Before discussing the various studies, let us list the pitfalls that await anyone carrying out comparative studies: Firstly, there may be problems due to differences in the way the data were pre-processed, for example by removing or replacing missing values, or using binary or distributed encoding. Secondly, the class definitions may be more suited to some algorithms than others. Thirdly, some comparative studies used variant, but not identical, datasets and algorithms. However, most of the previous studies support the findings of this study. Kayaer and Yildrim (2003) applied MLP (LM), GRNN and RBF to the Pima Indians Diabetes dataset. The best result achieved on the test data was by using GRNN structure and the classification rate was 80.21%, which is very close to one with the highest true classification result that was achieved by using the more complex structured network. Pour et al. (2008) used spare parts dataset, the data were gathered from Arak petrochemical company's inventory control software package. They implemented five classifier models, and their results showed that GRNN among other models outperformed MLP. Burcu and Tulay (2006) classified the 26 capital letters in the English alphabet by using Probabilistic Neural Network (PNN) and General Regression Neural Networks (GRNN) Simulation results illustrated that GRNN and PNN are suitable and effective methods for solving classification problems with higher classification accuracy and better generalization performances than their counterparts. Makal et al. (2008) study, MLP, RBF and GRNN are used to analyze and detect the splice junctions. The real performances of these networks are found by applying Receiver Operating Characteristic (ROC) analysis. According to their results, GRNN has the most correct result for both specificity and sensitivity values. However, as expected in this study, a few studies proved that LM outperforms GRNN, for example, Kahraman and Tulay (2009) reported that MLP achieved 91% acceptable results through 120 test data of the time characteristics of digital integrated circuits where GRNN had 77%. On the other hand, when LM is compared with LVQ, the previous studies and this study showed that, LM is superior than LVQ, for example (Baradaran et al., 2008) reported that the error rate of applying MLP to the cancer dataset was 14.28%, and the error rate of applying LVQ was 33.33%.
This study has presented three classifier models.
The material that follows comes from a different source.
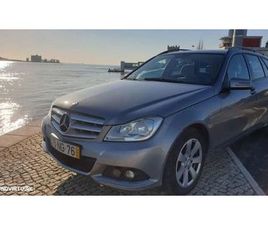 MERCEDES CLASSE C C 180 MERCEDES-BENZ C 180 CDI ELEGANCE BLUEEFFICIENCY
These models have been applied on eight classification problems. As it has been demonstrated experimentally, the generalized regression neural networks outperform the other classifiers. It has the highest classification rate in 62% (5 out of 8 datasets) of the tested datasets. On the contrary, by using Levenberg-Marquardt, It has the highest classification rate in only 25% (2 out of 8 datasets) of the tested datasets. Then, we can conclude that GRNN is simple and need fewer training parameters, shorter training time and has the best training performance and testing error rate. However, in the real time applications, this study recommends using LM due to the low response time. In future, It would be interesting to test these methods and other classification models on larger set of the datasets (more than eight datasets). We hope to extend our work to answer why and when a particular model should be used.